Greta Garbo - in Retirement

In Retirement

In general, Garbo in retirement led a private life of simplicity and leisure. She made no public appearances and assiduously tried to avoid the publicity she loathed. As she had been during her Hollywood years, Garbo, with her innate need for solitude, was often reclusive. But contrary to myth, she always had many friends and acquaintances with whom she socialized, and later, traveled. Occasionally, she jet-setted with well-known and wealthy personalities, striving to guard her privacy as she had during her career. She has been forever linked to her famous line in Grand Hotel: "I want to be alone." But she later remarked, "I never said, 'I want to be alone.' I only said, 'I want to be let alone.' There is a world of difference".

Still, she often floundered about what to do and how to spend her time ("drifting" was the word she often used), always struggling with her many eccentricities, and her lifelong melancholy, or depression, and moodiness. As she approached her sixtieth birthday, she told a frequent walking companion, "In a few days, it will be the anniversary of the sorrow that never leaves me, that will never leave me for the rest of my life". To another friend she said in 1971, "I suppose I suffer from very deep depression". It is also arguable, says one biographer, that she was bipolar. "I am very happy one moment, the next there is nothing left for me", she said in 1933.

Beginning in the 1940s, She became something of an art collector. Many of the paintings she purchased were of negligible value, but she did buy paintings by Renoir, Rouault, Kandinski, Bonnard, and Jawlensky.

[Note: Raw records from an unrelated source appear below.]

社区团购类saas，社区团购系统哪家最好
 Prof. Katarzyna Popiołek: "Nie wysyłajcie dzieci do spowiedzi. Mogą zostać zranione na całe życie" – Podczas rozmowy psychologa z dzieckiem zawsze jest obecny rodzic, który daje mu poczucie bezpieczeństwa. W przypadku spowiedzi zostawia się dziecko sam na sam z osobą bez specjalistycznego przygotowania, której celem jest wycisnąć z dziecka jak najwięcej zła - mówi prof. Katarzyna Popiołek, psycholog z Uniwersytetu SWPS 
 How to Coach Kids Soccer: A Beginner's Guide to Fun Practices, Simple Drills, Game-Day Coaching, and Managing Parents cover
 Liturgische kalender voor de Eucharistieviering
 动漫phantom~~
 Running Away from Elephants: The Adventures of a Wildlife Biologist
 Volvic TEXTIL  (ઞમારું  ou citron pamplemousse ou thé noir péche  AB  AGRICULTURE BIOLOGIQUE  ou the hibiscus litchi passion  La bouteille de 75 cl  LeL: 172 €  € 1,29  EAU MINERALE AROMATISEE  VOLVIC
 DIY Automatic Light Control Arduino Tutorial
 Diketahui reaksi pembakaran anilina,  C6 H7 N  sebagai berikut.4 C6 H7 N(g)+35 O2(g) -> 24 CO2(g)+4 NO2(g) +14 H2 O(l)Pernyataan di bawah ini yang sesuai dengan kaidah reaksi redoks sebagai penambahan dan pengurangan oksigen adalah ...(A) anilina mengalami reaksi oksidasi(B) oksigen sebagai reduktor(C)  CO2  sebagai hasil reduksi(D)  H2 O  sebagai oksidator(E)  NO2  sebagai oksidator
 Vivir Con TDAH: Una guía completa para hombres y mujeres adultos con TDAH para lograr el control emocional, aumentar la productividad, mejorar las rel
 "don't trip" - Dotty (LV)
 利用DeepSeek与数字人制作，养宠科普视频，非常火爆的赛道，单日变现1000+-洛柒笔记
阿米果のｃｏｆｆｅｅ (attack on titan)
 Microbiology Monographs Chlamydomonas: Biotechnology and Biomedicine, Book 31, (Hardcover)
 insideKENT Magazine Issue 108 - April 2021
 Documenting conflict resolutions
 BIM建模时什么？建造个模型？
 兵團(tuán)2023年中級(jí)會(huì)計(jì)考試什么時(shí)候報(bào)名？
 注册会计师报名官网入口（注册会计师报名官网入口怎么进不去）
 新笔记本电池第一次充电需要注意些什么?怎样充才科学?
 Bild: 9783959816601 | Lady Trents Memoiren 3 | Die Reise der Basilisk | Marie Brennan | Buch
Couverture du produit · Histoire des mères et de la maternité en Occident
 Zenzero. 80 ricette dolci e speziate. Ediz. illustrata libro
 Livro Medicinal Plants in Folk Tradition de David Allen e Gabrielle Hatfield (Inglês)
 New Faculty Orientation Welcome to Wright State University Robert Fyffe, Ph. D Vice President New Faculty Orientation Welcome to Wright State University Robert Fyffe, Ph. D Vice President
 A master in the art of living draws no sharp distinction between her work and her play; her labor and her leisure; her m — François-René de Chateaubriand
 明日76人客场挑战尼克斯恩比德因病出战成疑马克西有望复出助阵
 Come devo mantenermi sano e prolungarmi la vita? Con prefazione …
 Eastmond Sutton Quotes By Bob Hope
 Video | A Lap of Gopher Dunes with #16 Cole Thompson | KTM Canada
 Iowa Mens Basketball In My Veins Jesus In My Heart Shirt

Her art collection was worth millions when she died in 1990.

On 9 February 1951, she became a naturalized citizen of the United States. In 1953, she bought a seven-room apartment at 450 East 52nd Street in Manhattan, New York City, where she lived for the rest of her life.

In 1969, Italian motion picture director Luchino Visconti allegedly attempted to bring Garbo back to the screen with a small part, Maria Sophia, Queen of Naples, in his adaptation of Proust's Remembrance of Things Past. He exclaimed: "I am very pleased at the idea that this woman, with her severe and authoritarian presence, should figure in the decadent and rarefied climate of the world described by Proust". Claims that Garbo was interested in the part cannot be substantiated.

Although she became increasingly withdrawn in her final years, she had become close over time to her house-keeper and cook of thirty-one years, Claire Koger. “We were very close—like sisters", Koger said.

Throughout her life, Garbo was known for taking long, daily walks with companions or by herself. In retirement, she walked the streets of New York City dressed casually and wearing large sunglasses. "Garbo-watching" became a sport for photographers, the media, admirers, and curious New Yorkers, but she maintained her elusive mystique to the end.